After this semester, I now better understand how important media are, especially in who the source is and the way they frame the news.
On the one hand, elites often serve as important media sources and define media agendas. This link between the government and the media consists of ownership by elites, propaganda, regulation, and the varying types of censorship. As we wrote about in our final paper, media technologies also have important effects on politics. Especially in the MENA region, the ruling elite prioritizes remaining in power and either uses or challenges the media in order to do so. We also read about media as foreign policy, where ‘hearts and minds’ can be won by providing or silencing media coverage of certain news.
On the other hand, journalists are also very significant to the lives of the public; where often they can circumvent or challenge the existing political order and government. Journalists can serve society through investigation or activism, reporting on issues the ruling elite may be distorting or hiding from the public. Often media also crosses the boundary of public and private, changing people’s opinions who later discuss and debate with others in the public sphere. This helped build foundations for a pluralistic political culture by demonstrating the legitimacy of disagreement and challenging the message of the government.

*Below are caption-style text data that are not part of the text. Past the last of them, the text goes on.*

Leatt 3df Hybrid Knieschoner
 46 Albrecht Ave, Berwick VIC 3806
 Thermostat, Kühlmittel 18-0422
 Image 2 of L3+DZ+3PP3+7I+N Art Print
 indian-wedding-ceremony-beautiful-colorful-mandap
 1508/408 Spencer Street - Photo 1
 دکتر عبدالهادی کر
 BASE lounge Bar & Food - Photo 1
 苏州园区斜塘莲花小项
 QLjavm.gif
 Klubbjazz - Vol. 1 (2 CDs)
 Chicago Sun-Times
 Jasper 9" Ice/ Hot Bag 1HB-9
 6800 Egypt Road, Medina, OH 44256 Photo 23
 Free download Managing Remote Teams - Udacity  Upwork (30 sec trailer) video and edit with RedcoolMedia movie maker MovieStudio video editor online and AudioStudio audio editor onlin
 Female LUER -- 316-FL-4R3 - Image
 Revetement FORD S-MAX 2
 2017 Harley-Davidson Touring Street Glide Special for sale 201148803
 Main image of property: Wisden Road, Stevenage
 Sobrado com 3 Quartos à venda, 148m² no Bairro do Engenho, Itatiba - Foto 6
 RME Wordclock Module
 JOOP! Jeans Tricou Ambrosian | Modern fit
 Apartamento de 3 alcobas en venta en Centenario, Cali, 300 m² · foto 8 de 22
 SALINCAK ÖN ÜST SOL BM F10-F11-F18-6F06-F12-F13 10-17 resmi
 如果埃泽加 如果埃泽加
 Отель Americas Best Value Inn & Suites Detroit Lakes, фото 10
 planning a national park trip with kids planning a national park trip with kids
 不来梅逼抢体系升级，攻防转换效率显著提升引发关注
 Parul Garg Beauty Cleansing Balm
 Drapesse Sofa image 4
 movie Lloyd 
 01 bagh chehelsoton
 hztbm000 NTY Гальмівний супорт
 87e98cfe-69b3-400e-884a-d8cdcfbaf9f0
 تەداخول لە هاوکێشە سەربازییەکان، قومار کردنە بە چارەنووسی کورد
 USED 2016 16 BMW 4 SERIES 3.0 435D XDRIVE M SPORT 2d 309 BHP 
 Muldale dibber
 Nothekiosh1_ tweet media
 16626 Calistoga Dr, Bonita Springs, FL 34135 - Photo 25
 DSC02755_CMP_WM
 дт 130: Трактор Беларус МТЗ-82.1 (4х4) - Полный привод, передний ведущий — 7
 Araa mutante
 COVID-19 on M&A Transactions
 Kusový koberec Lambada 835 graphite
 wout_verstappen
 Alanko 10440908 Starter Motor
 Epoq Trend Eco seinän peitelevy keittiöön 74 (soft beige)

In general, journalists and media outlets dictate what is the focus, or what is “inside the frame,” how it’s portrayed, what information is left out, as well as its headline. This bias of presentism also demonstrates how mass media rarely gives context or history focusing on the present, which can distort one’s understanding.
Finally, one of the overarching lessons I have learned from this class is checking the reliability of one’s media sources in order to make sure you are accessing unbiased news and thus gaining accurate information about the issue or event.
Webb, Edward 2022. Lecture, Dickinson College, 1 September, 6 September, 13 September.